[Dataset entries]
== == ==

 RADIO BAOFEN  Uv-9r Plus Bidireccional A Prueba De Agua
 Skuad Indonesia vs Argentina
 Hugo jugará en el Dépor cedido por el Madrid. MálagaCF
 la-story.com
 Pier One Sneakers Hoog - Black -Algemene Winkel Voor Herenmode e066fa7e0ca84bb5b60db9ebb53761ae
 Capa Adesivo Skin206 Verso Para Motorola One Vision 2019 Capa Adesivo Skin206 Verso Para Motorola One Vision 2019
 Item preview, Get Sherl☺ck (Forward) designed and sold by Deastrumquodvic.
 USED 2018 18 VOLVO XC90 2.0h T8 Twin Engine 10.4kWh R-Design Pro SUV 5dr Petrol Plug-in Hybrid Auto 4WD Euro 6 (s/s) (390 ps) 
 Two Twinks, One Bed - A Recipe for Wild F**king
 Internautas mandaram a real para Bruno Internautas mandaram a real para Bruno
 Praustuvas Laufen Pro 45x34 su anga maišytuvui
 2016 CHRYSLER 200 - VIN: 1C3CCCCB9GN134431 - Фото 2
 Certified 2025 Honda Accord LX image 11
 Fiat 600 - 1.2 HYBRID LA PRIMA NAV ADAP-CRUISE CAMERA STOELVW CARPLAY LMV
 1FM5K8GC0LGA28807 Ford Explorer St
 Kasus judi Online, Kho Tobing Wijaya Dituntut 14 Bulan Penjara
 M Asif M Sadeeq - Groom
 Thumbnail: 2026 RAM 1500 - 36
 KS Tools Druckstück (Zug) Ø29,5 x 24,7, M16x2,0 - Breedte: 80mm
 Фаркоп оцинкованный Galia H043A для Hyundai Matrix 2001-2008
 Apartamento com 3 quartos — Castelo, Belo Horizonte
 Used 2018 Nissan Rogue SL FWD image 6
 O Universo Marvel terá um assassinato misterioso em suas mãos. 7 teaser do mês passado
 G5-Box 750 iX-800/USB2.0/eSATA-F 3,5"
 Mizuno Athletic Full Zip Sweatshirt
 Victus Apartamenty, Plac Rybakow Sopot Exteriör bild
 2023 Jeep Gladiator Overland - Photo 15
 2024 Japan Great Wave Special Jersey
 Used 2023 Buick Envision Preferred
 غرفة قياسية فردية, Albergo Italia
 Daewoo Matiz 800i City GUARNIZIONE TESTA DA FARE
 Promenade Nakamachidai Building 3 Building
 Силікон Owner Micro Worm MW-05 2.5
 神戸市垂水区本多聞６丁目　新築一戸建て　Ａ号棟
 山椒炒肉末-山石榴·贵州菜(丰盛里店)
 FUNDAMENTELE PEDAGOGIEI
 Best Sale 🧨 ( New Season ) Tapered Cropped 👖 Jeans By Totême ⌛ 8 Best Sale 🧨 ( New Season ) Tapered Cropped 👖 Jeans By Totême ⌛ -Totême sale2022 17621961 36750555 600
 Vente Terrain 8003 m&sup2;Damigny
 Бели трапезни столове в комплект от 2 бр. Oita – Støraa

== == ==

* WHAT THE EXERCISE ASKS: Reproduce all the data exactly. Include every line.

* EXERCISE OUTPUT:
 RADIO BAOFEN  Uv-9r Plus Bidireccional A Prueba De Agua
 Skuad Indonesia vs Argentina
 Hugo jugará en el Dépor cedido por el Madrid. MálagaCF
 la-story.com
 Pier One Sneakers Hoog - Black -Algemene Winkel Voor Herenmode e066fa7e0ca84bb5b60db9ebb53761ae
 Capa Adesivo Skin206 Verso Para Motorola One Vision 2019 Capa Adesivo Skin206 Verso Para Motorola One Vision 2019
 Item preview, Get Sherl☺ck (Forward) designed and sold by Deastrumquodvic.
 USED 2018 18 VOLVO XC90 2.0h T8 Twin Engine 10.4kWh R-Design Pro SUV 5dr Petrol Plug-in Hybrid Auto 4WD Euro 6 (s/s) (390 ps) 
 Two Twinks, One Bed - A Recipe for Wild F**king
 Internautas mandaram a real para Bruno Internautas mandaram a real para Bruno
 Praustuvas Laufen Pro 45x34 su anga maišytuvui
 2016 CHRYSLER 200 - VIN: 1C3CCCCB9GN134431 - Фото 2
 Certified 2025 Honda Accord LX image 11
 Fiat 600 - 1.2 HYBRID LA PRIMA NAV ADAP-CRUISE CAMERA STOELVW CARPLAY LMV
 1FM5K8GC0LGA28807 Ford Explorer St
 Kasus judi Online, Kho Tobing Wijaya Dituntut 14 Bulan Penjara
 M Asif M Sadeeq - Groom
 Thumbnail: 2026 RAM 1500 - 36
 KS Tools Druckstück (Zug) Ø29,5 x 24,7, M16x2,0 - Breedte: 80mm
 Фаркоп оцинкованный Galia H043A для Hyundai Matrix 2001-2008
 Apartamento com 3 quartos — Castelo, Belo Horizonte
 Used 2018 Nissan Rogue SL FWD image 6
 O Universo Marvel terá um assassinato misterioso em suas mãos. 7 teaser do mês passado
 G5-Box 750 iX-800/USB2.0/eSATA-F 3,5"
 Mizuno Athletic Full Zip Sweatshirt
 Victus Apartamenty, Plac Rybakow Sopot Exteriör bild
 2023 Jeep Gladiator Overland - Photo 15
 2024 Japan Great Wave Special Jersey
 Used 2023 Buick Envision Preferred
 غرفة قياسية فردية, Albergo Italia
 Daewoo Matiz 800i City GUARNIZIONE TESTA DA FARE
 Promenade Nakamachidai Building 3 Building
 Силікон Owner Micro Worm MW-05 2.5
 神戸市垂水区本多聞６丁目　新築一戸建て　Ａ号棟
 山椒炒肉末-山石榴·贵州菜(丰盛里店)
 FUNDAMENTELE PEDAGOGIEI
 Best Sale 🧨 ( New Season ) Tapered Cropped 👖 Jeans By Totême ⌛ 8 Best Sale 🧨 ( New Season ) Tapered Cropped 👖 Jeans By Totême ⌛ -Totême sale2022 17621961 36750555 600
 Vente Terrain 8003 m&sup2;Damigny
 Бели трапезни столове в комплект от 2 бр. Oita – Støraa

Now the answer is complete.